Yes this new trend of guns, knives and, drugs is really taking the world by suprise.

I LOVE how the general tone of the article and of the people interviewed places the entire responsibility of a small buisinesses security firmly on the shoulders of the government. Of course the government asked for this when they took away the tools of defense from the people. Thats just the sort of backlash we were expecting i.e. "take away my guns and my defense becomes your problem". Im sure that there is a new law already in the works to "solve" this issue. Im thinking something along the lines of: "store-keepers are now required to surrender all demanded goods and monies to thieves without question and MUST treat that person with the same coutesy afforded a customer and offer the keys to their personal conveyence and an evening with their spouse under penalty of law". That should take care of it.

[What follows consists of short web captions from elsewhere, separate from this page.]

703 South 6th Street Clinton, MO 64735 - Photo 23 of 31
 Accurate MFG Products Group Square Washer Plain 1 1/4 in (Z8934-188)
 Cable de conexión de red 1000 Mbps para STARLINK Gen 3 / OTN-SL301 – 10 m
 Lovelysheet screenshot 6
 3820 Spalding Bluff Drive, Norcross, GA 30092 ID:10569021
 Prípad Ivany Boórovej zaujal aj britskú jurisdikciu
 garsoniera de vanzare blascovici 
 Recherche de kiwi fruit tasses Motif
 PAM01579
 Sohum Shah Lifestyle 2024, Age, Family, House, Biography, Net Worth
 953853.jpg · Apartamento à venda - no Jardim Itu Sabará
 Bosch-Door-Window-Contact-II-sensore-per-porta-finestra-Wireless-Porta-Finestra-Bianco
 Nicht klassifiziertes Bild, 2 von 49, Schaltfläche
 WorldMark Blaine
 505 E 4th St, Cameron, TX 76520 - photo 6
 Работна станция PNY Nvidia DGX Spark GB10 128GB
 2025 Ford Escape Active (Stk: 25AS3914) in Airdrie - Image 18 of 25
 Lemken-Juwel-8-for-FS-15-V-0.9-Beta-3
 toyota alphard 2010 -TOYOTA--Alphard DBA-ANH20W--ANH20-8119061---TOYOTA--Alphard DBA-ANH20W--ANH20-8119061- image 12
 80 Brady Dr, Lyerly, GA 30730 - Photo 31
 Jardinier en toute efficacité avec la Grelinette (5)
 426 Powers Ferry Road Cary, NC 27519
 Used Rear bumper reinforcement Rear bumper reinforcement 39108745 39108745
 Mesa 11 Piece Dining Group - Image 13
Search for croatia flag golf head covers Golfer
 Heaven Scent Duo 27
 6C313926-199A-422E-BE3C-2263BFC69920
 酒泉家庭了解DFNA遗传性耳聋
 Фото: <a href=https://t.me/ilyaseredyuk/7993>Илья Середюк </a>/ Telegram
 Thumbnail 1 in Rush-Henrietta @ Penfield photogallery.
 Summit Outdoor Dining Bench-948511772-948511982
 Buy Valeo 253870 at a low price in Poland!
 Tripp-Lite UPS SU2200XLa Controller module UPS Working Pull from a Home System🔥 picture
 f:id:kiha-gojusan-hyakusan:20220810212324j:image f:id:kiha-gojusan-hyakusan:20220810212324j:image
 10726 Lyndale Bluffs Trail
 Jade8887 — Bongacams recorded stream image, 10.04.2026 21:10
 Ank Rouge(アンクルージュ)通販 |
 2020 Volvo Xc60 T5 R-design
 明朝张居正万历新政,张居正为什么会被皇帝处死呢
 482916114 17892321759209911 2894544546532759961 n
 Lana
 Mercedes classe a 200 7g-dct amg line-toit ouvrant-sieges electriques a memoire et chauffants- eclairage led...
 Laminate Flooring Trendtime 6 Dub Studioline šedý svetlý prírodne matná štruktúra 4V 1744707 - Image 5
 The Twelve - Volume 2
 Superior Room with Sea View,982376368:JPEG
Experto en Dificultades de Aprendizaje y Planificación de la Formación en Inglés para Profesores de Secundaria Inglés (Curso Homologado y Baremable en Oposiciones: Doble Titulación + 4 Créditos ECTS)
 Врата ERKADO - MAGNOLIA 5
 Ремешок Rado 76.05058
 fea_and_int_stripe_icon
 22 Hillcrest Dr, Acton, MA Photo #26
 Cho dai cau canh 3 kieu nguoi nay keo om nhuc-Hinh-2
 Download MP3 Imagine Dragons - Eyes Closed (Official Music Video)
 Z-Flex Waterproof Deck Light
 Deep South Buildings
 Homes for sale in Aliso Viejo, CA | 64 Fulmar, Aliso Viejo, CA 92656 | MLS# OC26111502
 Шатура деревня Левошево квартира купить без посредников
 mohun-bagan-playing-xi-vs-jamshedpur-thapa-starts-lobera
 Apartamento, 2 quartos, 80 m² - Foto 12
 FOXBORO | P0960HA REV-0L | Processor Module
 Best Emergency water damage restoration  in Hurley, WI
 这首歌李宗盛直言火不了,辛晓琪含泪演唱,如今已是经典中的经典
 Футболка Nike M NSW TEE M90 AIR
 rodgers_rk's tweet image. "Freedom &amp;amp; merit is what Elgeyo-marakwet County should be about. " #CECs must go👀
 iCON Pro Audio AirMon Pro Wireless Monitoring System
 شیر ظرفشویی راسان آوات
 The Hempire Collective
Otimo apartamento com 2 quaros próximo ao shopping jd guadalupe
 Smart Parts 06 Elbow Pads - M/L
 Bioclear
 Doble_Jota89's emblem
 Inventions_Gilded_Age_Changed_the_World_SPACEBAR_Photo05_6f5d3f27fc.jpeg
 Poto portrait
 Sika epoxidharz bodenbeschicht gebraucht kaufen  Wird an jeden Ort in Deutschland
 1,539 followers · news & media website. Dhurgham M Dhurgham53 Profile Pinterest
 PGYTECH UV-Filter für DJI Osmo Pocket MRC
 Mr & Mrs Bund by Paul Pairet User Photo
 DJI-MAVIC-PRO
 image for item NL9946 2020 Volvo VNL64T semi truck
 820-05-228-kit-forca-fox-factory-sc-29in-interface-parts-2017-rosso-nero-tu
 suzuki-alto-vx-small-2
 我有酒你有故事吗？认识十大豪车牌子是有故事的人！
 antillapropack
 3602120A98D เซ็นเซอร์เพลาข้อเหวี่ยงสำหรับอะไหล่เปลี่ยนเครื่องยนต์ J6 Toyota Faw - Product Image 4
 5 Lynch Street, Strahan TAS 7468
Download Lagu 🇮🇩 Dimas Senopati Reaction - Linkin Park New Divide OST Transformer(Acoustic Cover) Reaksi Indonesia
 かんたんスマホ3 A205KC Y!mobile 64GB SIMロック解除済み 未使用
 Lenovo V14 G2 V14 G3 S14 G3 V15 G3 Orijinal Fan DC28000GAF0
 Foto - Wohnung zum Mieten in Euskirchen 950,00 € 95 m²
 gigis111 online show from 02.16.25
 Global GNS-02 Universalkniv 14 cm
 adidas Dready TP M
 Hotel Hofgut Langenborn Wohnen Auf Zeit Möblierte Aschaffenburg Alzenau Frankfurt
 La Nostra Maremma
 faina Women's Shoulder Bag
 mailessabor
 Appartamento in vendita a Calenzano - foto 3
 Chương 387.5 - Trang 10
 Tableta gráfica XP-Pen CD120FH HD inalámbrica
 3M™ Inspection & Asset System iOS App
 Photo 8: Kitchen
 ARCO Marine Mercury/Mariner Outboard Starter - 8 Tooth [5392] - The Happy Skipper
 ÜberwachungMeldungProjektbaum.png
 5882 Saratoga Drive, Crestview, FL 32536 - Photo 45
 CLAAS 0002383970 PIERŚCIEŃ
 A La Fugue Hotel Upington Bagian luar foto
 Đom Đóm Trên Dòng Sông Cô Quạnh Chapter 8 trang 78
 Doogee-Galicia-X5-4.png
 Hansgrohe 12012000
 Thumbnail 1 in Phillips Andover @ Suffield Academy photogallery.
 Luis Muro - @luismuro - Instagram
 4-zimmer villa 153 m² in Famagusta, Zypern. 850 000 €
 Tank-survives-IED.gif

Even in America, I am pretty sure that most company policies forbid the posession of weapons (ie firearms) upon company property.

This is true for chain stores like 7-11 and AM/PM but most certainly NOT the case in mom and pop type stores (which i think the article is primarily talking about). Think back to the pictures from the LA riots of store owners standing visibly armed protecting their property. Pictures like those help me remember that no matter how bad things get you really cant keep down the American Spirit.